What’s so difficult about writing something like that so that the moderator knows on how many subbers to rely?
In my own teams, I expect subbers to be present at least once a week - even if it’s not for a full part - or if they cannot, write it on our Google sheet so the rest of us know the situation and someone else including me can do more.
Communication, collaboration, helping each other and filling in for each other, that’s what teamwork is supposed to mean, right? Not just everyone doing their own thing whenever they feel like it.
I sometimes volunteer for an organization that helps immigrant unaccompanied minors. They issue an email saying “a volunteer is needed for a baby in X hospital (Note: they put them in hospitals even when they’re not sick): Monday to Saturday from 8 p.m. to 11 p.m.” . If I reply to that email and say I’m available to watch and take care of the baby on one or more of those time slots, should I feel free to not turn up just because I’m a volunteer? If I committed, I have to go, and if something comes up, then I have to tell them beforehand so that they can arrange for someone else.
Certainly subbing a drama is much less urgent and important, but the principle should be the same, right?
@ Irmar – I too feel for MYSELF that when I volunteer, its a committment that I will keep and I feel very guilty when I can’t show up. But that is a standard I set for myself and I don’t try to impose that standard on others.
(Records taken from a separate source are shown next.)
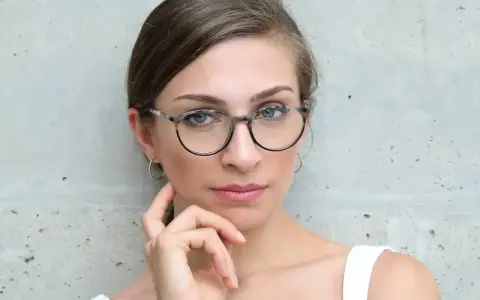 Eleganckie okulary dla szczupłej twarzy podkreślają spojrzenie kobiety.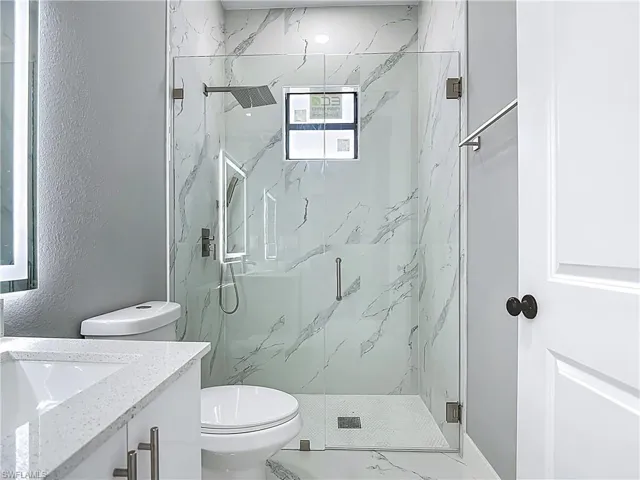 Full bath featuring vanity, a marble finish shower, and a textured wall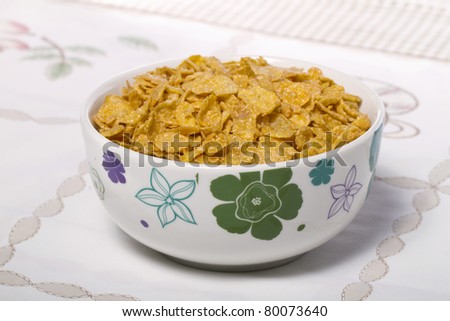 View of a bowl of cereals on top of a table.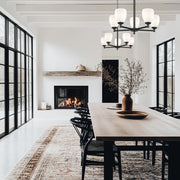 Oren 5 Light 25" Chandelier in Matte Black in a room setting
And I think subbing on viki is a leisure time activity which an orange to your apple of volunteering for an immigrant organization.
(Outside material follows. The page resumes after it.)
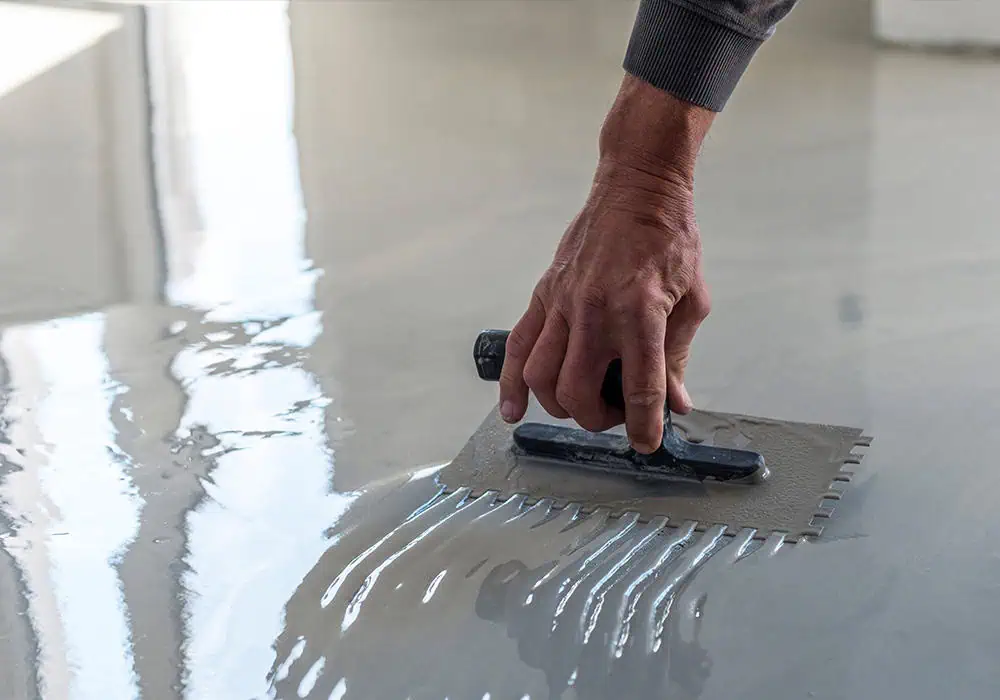 Man applying self levelling compound to a floor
I know factually that you are correct that there are subbers who don’t show up or who show up for only one or two episodes and never again. I figure life happens – either they didn’t have as much time as they thought they would or the series didn’t interest them so I leave them off the thank you list and remove them from the list of people I ask to join the next team. Although I am thankful when some one does tell me before or after an episode to explain their absence, I have zero expectation of being informed. Let me try to run a parallel to scheduling work in an employment situation. If you feel you need five people to cover the days’ work, you will schedule five people and you must be told in advance if someone cannot show up so you can find a substitute. But we don’t have a time deadline to meet with respect to subtitling. I do try to keep one ideal in my mind – to finish this week’s episodes before next week’s upload. But with respect to volunteer subtitlers, I know there are a small number of subtitlers who are capable of subbing an entire one hour episode alone in three hours. So if even one of them is on the team and regularly subtitles, I don’t worry if no one else shows up. And if I only have one such subber on the team and she tells me in advance that she can’t come due to work/ family/school for a few weeks, – I can’t really schedule someone else to take her place. I’ve been at viki long enough to have had series which were so long and apparently uninteresting to the original subbers that for the second half of the series there were only three subtitlers working. Two of us subbing and a third person who would come to edit our work and fill in the blanks. These series were usually 50 episodes on the weekends. I was still grateful for the original subbers because collectively they did 25 episodes. What are you going to do with a volunteer who doesn’t show up? Fire her or take back the money she earned?